The Dover Public
Library is pleased to welcome author Stephen Kurkjian, author of “Master
Thieves”, on Monday, May 23 at 6:30pm.
25 years after the famous art theft at
Boston’s Isabella Stewart Gardner Museum, Stephen Kurkjian, the principal
reporter on the case for The Boston Globe, has written a gripping account of
the still-unsolved heist. In “Master Thieves”, Kurkjian reveals how the two
criminal gangs, battling for control of Boston’s underworld, knew of the
museum’s poor security, and that one had a motive to pull off the theft: to
fashion an exchange that would result in the release of its leader from federal
prison. It is a case defined by superlatives - the largest art theft in
history, carrying the world’s largest reward offer, and a longer time on the
FBI’s list of biggest unsolved art crimes than any other save one.
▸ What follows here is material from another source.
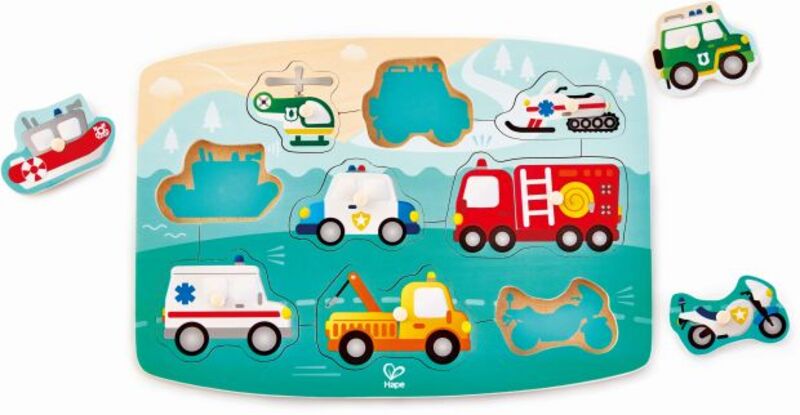Hape Happy Puzzles Ξύλινο Παζλ Οχήματα Emergency Peg (E1406A)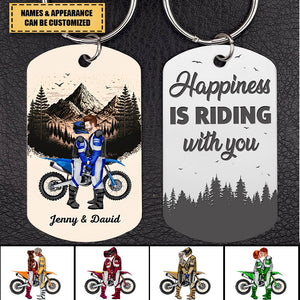 Happiness Is Riding With You, Couple Gift, Personalized Stainless Steel Engraved Keychain, Motor Couple Keychain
A Boston native, Stephen Kurkjian spent
nearly 40 years as an editor and reporter for The Boston Globe before retiring
in 2007. During his career, he shared in three Pulitzer Prizes and won more
than 20 regional and national reporting awards. Kurkjian graduated from Boston
Latin School in 1962, majored in English Literature at Boston University, and
earned his law degree from Suffolk University in 1970.
Kurkjian was a founding member of The
Globe’s investigative Spotlight Team, and its editor from 1979-1986. In 1986,
he was named chief of The Globe's Washington Bureau. He covered the Supreme
Court, the Justice Department, and the Bush White House during the first war in
Iraq.
Returning to Boston in the early 1990s, Kurkjian
undertook investigative projects at The Globe including the clergy abuse
scandal inside the Boston Archdiocese, the devastating fire at a Rhode
Island nightclub that took the lives of 100 people, and the recovery of a
Cezanne still life that was stolen from a Berkshires home in 1978 and later
auctioned for $29 million. He has also written extensively about the Armenian
Genocide, which his late father survived as a three year-old in 1915.
Kurkjian’s 2005 article about the
theft of 13 pieces of artwork from the Isabella Stewart Gardner Museum is
regarded as the most complete account of the still-unsolved crime. “Master
Thieves”, his book on the theft, was published by PublicAffairs last year and
received critical praise from The New York Times, The Boston Globe, and The
Washington Post. The book has been
optioned to TriStar Studios and is currently being adapted into a screenplay.